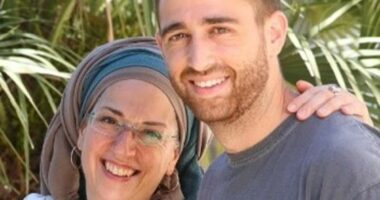 Mum of Israeli hostage hopes peace talks will see her son released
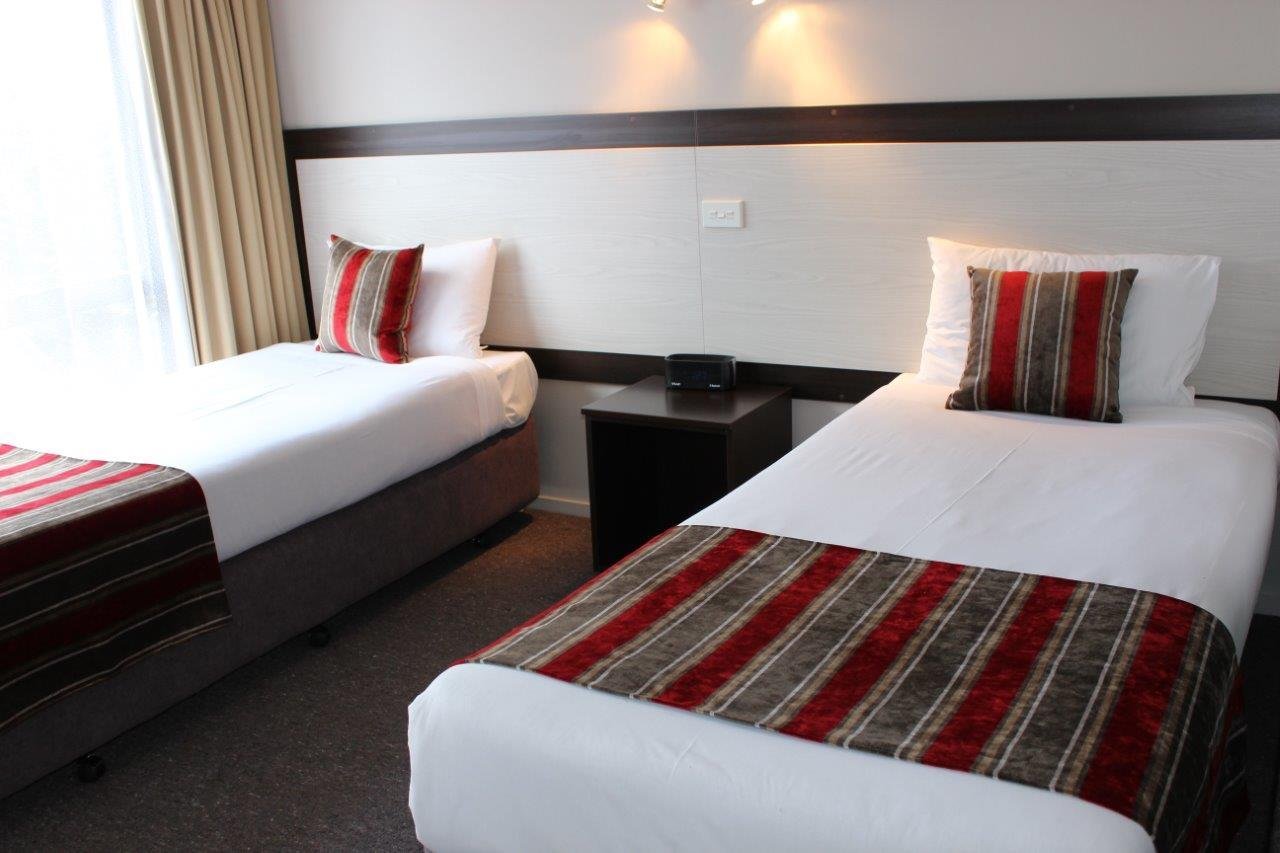 Quality Inn Acapulco Taupo by null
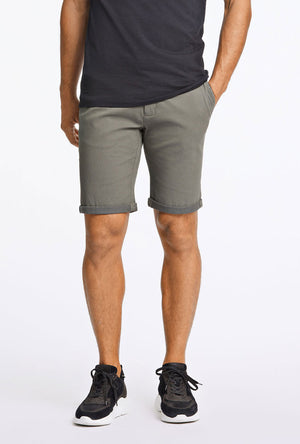 American Flag Shorts Men Men's Linen Casual Classic Fit Short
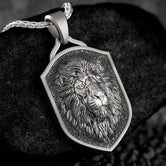 Lion Pendant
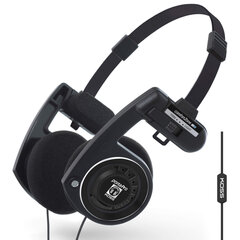 Juhtmega kõrvapealsed kõrvaklapid KOSS Porta Pro 3.0 hind ja info | Kõrvaklapid | hansapost.ee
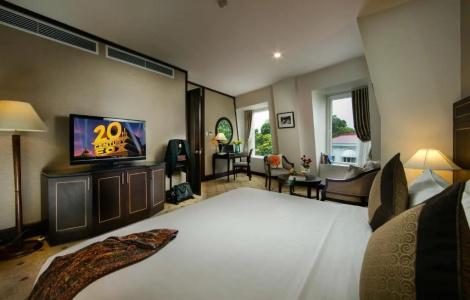 Zephyr Suites Boutique - 50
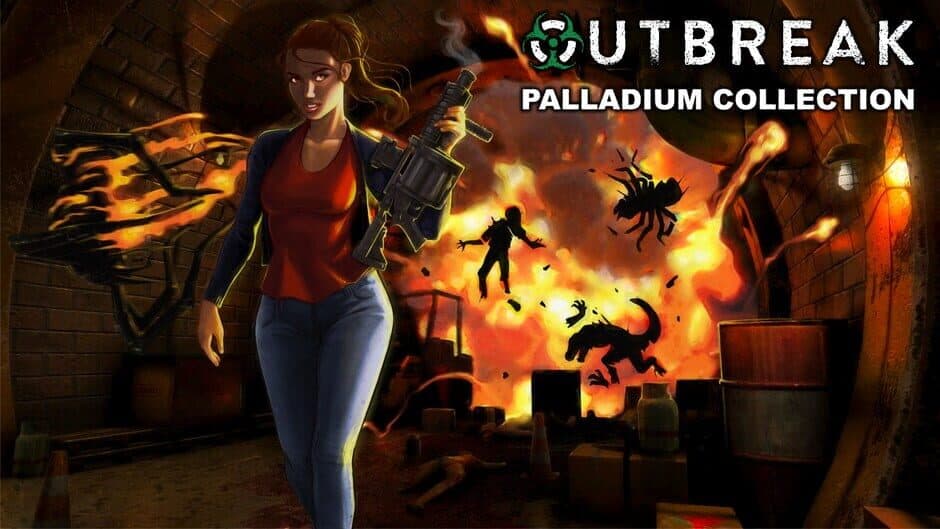 Outbreak - Palladium Collection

********

» Task prompt: Print, exactly and without pictures, the lines from the one holding "American Flag Shorts" through the last line of the entries above, both included.

» Answer for the task:
 American Flag Shorts Men Men's Linen Casual Classic Fit Short
 Lion Pendant
 Juhtmega kõrvapealsed kõrvaklapid KOSS Porta Pro 3.0 hind ja info | Kõrvaklapid | hansapost.ee
 Zephyr Suites Boutique - 50
 Outbreak - Palladium Collection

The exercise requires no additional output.